Malaysia Gandeng Thailand Singapura dan Vietnam Bangun Kereta Cepat

Malaysia Gandeng Thailand Singapura dan Vietnam Bangun Kereta Cepat

Kawasan Asia Tenggara tengah bersiap melakukan transformasi besar pada sistem konektivitas antarnegara melalui proyek transportasi masif.

Dilansir dari Detik Travel, Malaysia secara resmi menjalin kerja sama dengan Thailand, Singapura, dan Vietnam guna menghadirkan jaringan kereta cepat (HSR) terintegrasi pada tahun 2026.

Inisiatif ambisius ini dirancang untuk memperpendek waktu perjalanan antarnegara sekaligus memperkokoh kolaborasi ekonomi di wilayah Asia Tenggara. Namun, Indonesia tidak tercatat sebagai peserta dalam proyek jaringan kereta cepat lintas negara ini.

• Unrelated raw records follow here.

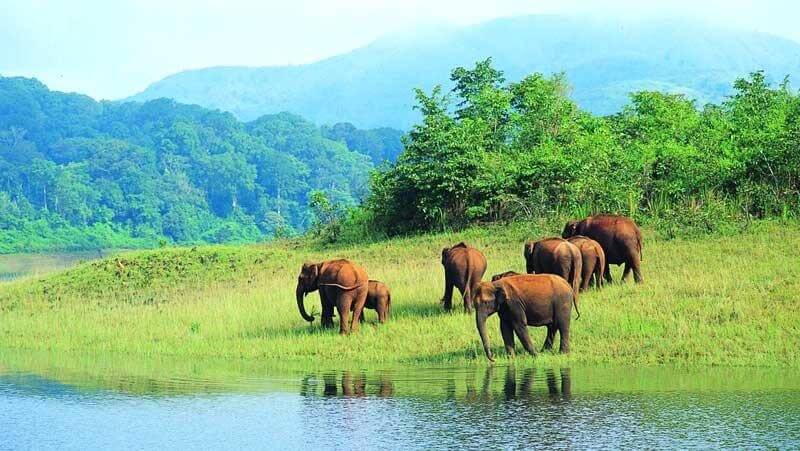 Periyar Tiger Reserve, Kerala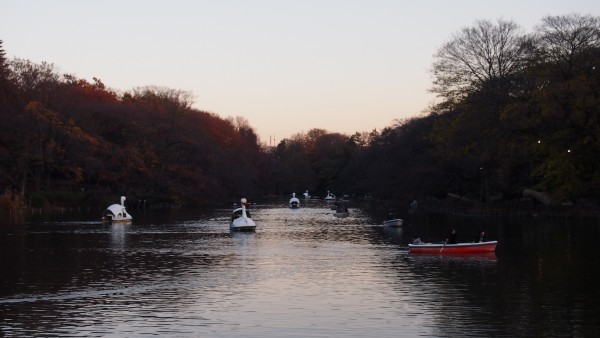 Inokashira Park, Kichijoji, Tokyo, Japan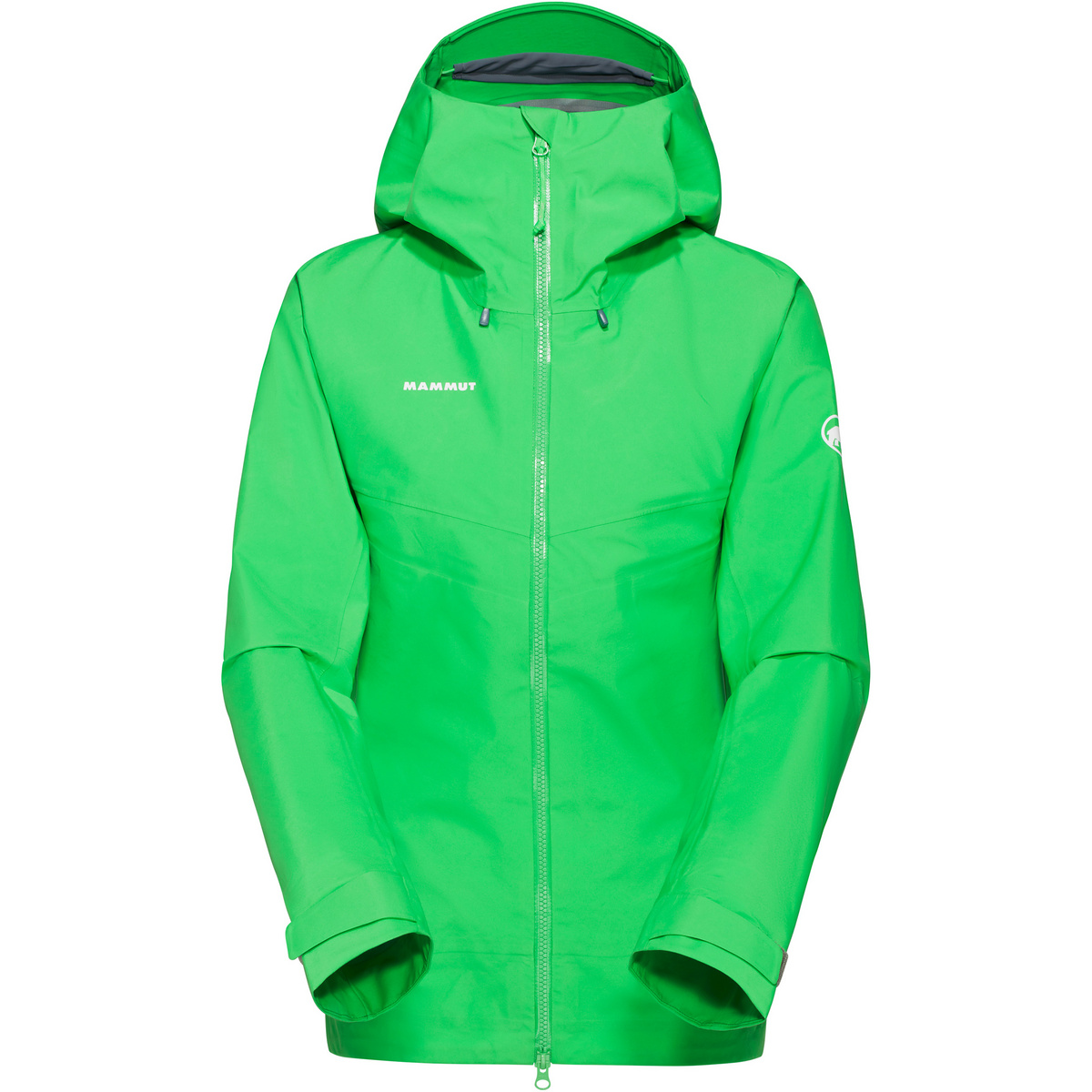 Mammut Damen Crater IV HS Hoodie Jacke (Größe XS, gruen)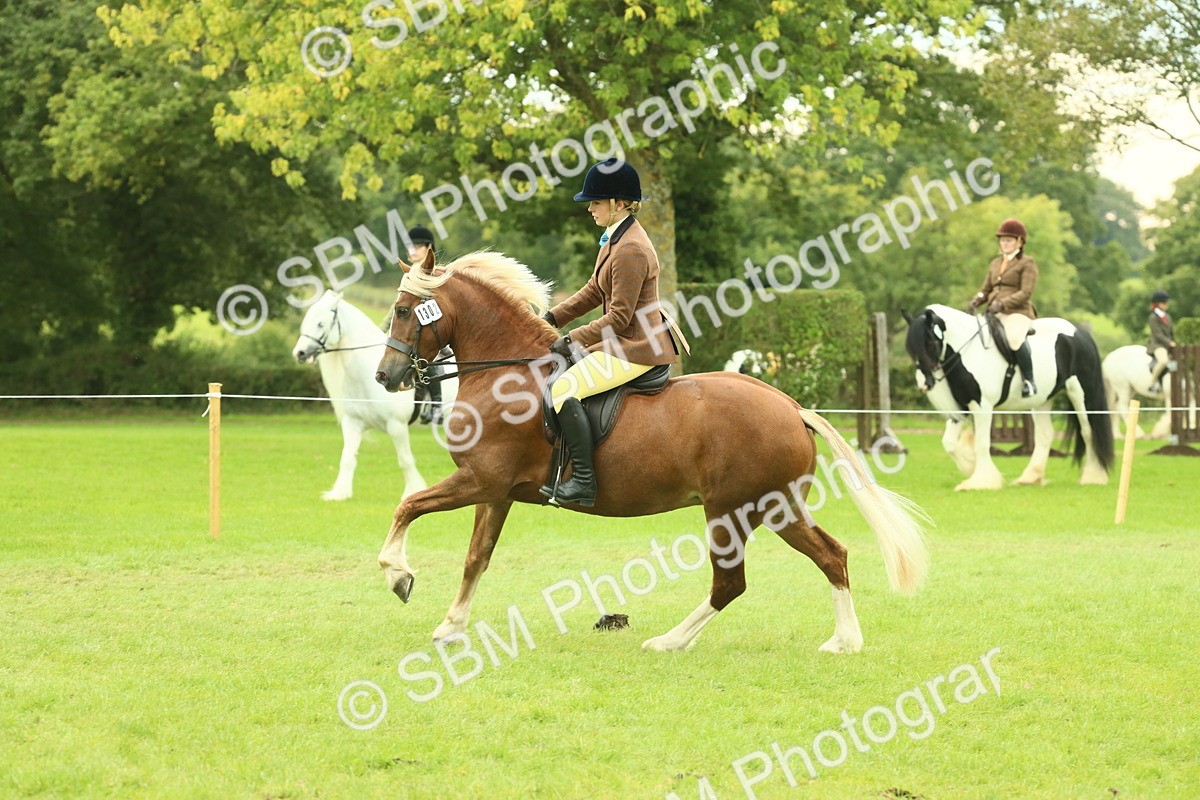 SBM_72060 - S60 - Mountain & Moorland Ridden Large Breeds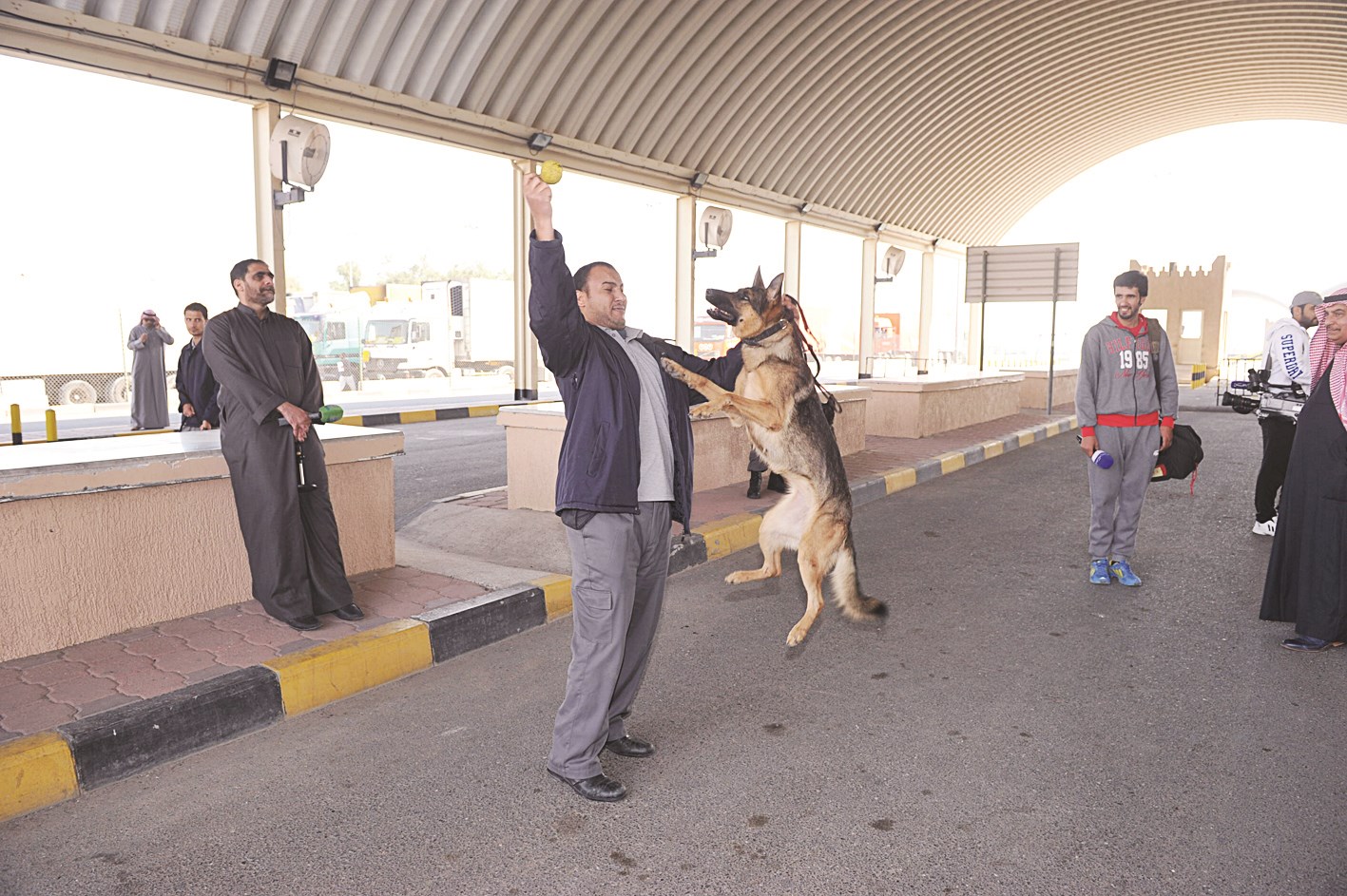 قدرات عالية لكلاب الأثر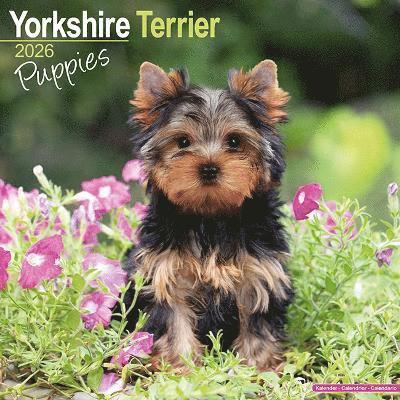 Cover for Yorkshire Terrier Puppies Calendar 2026  Square Dog Puppy Breed Wall Calendar - 16 Month (Calendar) (2025)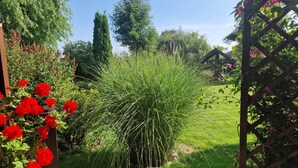 Jardí amb varietat de plantes, incloent herbes altes i flors vermelles, i una estructura de pergola de fusta.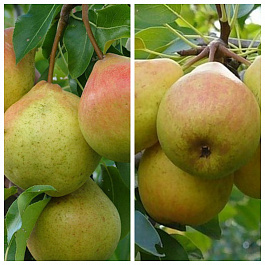 Дерево-сад (2-3х летка) груша 2 сорта Осенняя Яковлева-Просто Мария Дерево-сад (2-3х летка) груша 2 сорта Осенняя Яковлева-Просто Мария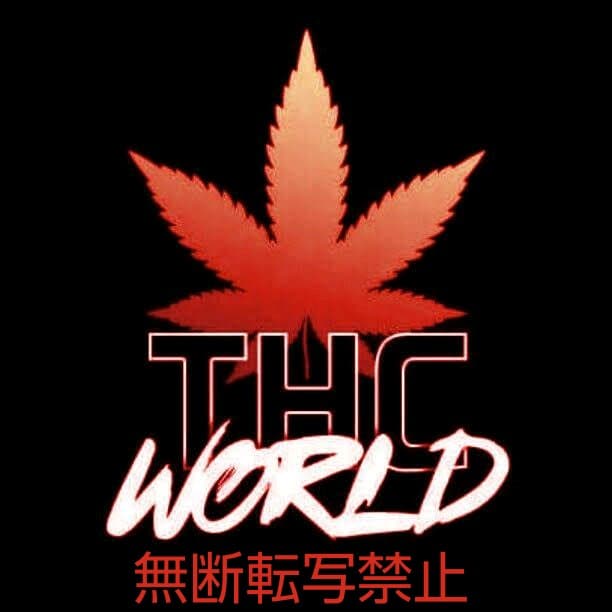 THC WORLD／DEATH NYC ザ・シンプソンズ　アートポスター　①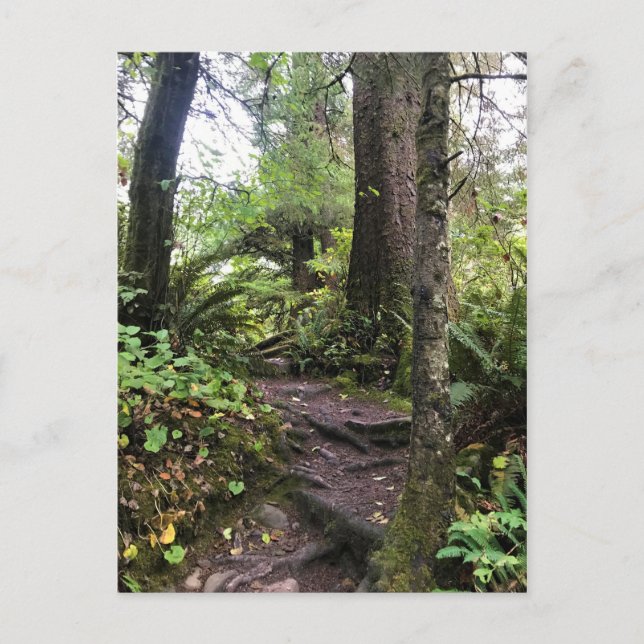 Postal Parque Estatal Oswald West, Costa de Oregón (Anverso)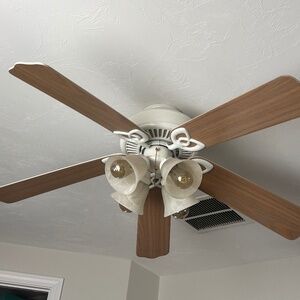 Ceiling Fan with light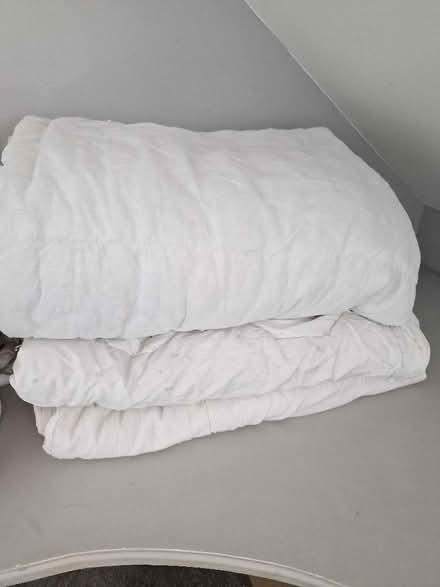 Photo of free 3 x single duvets - pet bedding? (Matlock DE4) #1
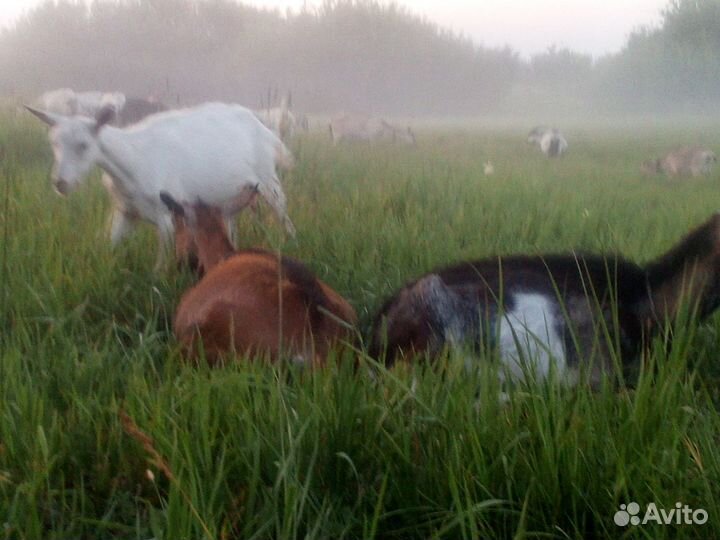 Молоко козье и коровье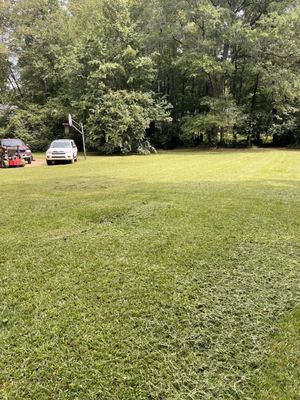 Grass cut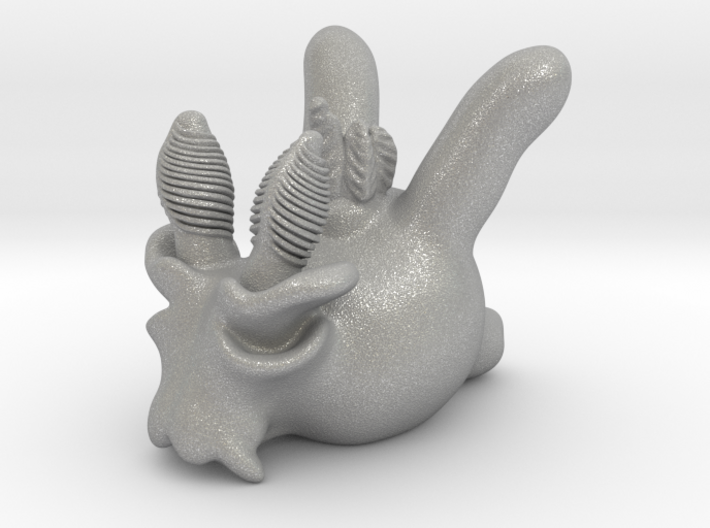 Thecacera picta 3d printed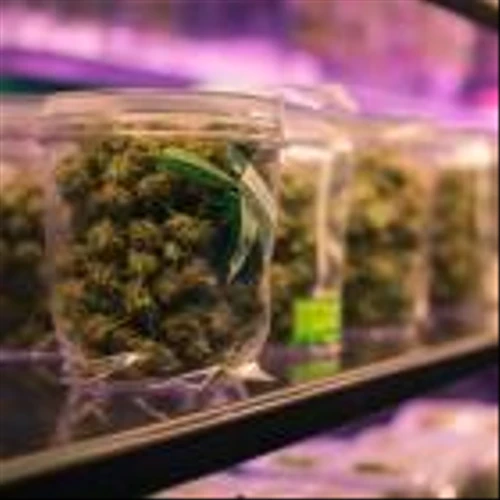 Organigram Holdings Inc. (OGI): A Bull Case Theory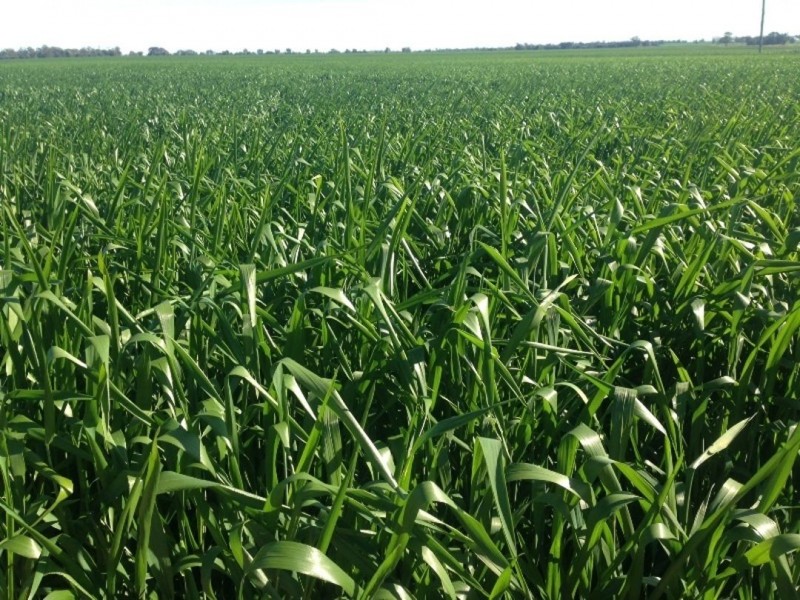 Prospect Downs Aggregation, Moree NSW 2400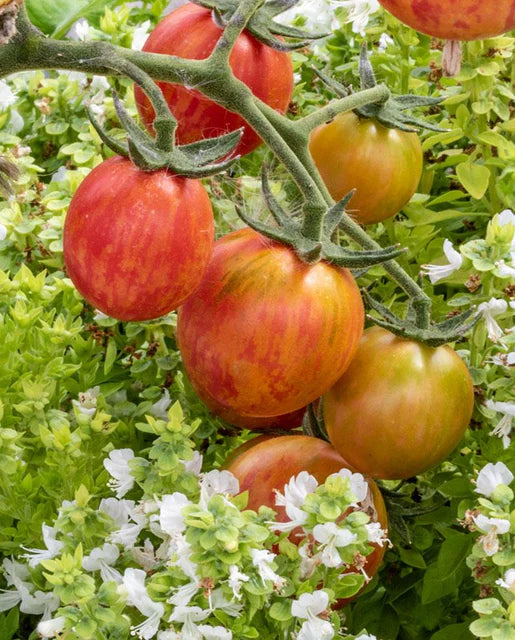 Tomatoes Pink Bumble Bee Organic WCS Seeds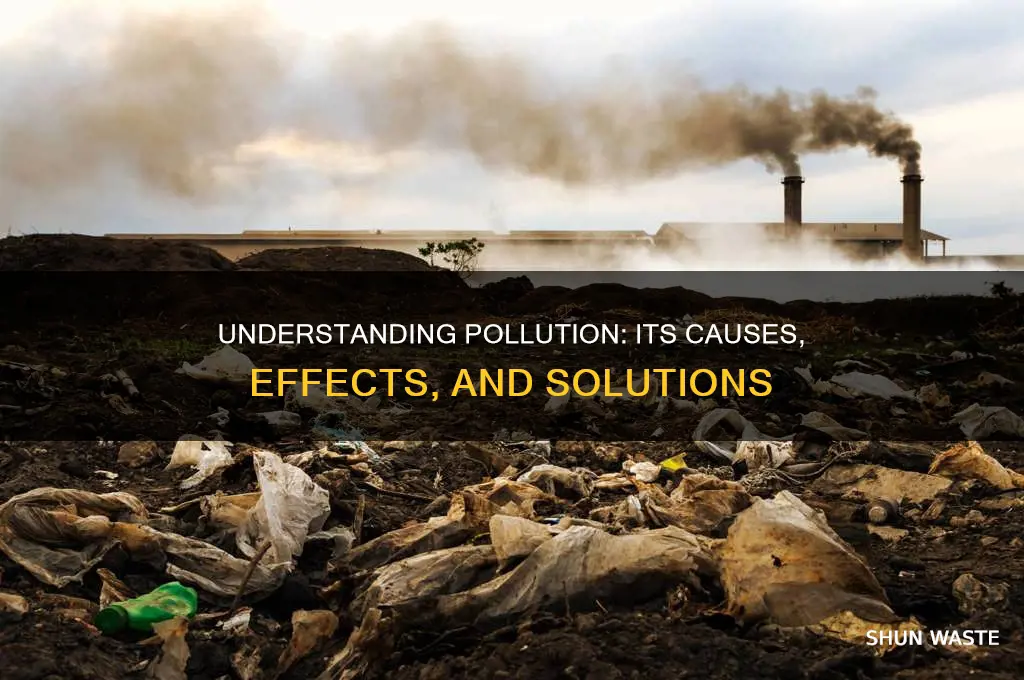 what is pollution edu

Proyek Kereta Cepat Kuala Lumpur-Singapura (KL-SG HSR) kembali dilanjutkan di bawah kepemimpinan Perdana Menteri Anwar Ibrahim dengan skema Kemitraan Pemerintah-Swasta (PPP).

Pembangunan ini sempat mengalami penghentian pada tahun 2021 sebelum akhirnya memasuki tahap baru untuk memperkuat integrasi transportasi kedua negara tetangga tersebut.

Nantinya, durasi perjalanan dari Kuala Lumpur (Bandar Malaysia) menuju Singapura (Jurong East) akan terpangkas signifikan menjadi hanya 90 menit saja.

Jalur sepanjang 350 km ini bakal mengoperasikan kereta dengan kecepatan puncak mencapai 300 km/jam serta didukung sistem persinyalan modern European Train Control System (ETCS).

Integrasi Transportasi Singapura dan Malaysia

Selain proyek HSR, kemajuan pesat juga terlihat pada proyek Rapid Transit System (RTS) Link yang diproyeksikan selesai pada akhir tahun 2026 mendatang.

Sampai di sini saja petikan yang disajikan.